TVRI YOGYAKARTA NEWS – TRI HARTANTO
Anggaran 10 ribu rupiah, untuk Makan Bergizi Gratis, masih sangat mungkin terpenuhi gizinya, tetapi harus selalu ada evaluasi dan ditingkatkan.
Anggaran 10 ribu rupiah, untuk Makan Bergizi Gratis, dapat ditekan dengan, subsidi silang dan pengurangan biaya lain, seperti biaya transportasi ke sekolah, dengan memanfaatkan pembuatan makanan, di wilayah yang dekat dengan sekolah.
Program Makan Bergizi Gratis sangat mulia, karena tidak semua negara sanggup, dan dapat melakukan program besar seperti ini.
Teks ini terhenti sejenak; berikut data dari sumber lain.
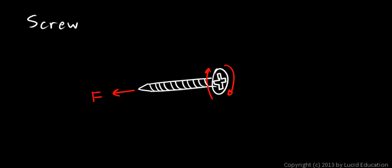And you end up with a forward movement this way and a forward force. The torque you put in over here, we can say T for torque, results in a large forward force over here. And that is the screw, a simple machine.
Dilihat dari perencanaannya, anggaran 10 ribu untuk setiap anak, atau per porsi masih mungkin dilaksanakan. Namun, pelaksanaannya harus terus dipantau, dievaluasi, dan ditingkatkan. Ahli gizi Universitas Gajah Mada Yogyakarta Toto Sudargo menilai, harga tersebut dapat ditekan dengan subsidi silang, dan pengurangan biaya lain, seperti biaya transportasi ke sekolah, dengan memanfaatkan pembuatan makanan di wilayah yang dekat dengan sekolah.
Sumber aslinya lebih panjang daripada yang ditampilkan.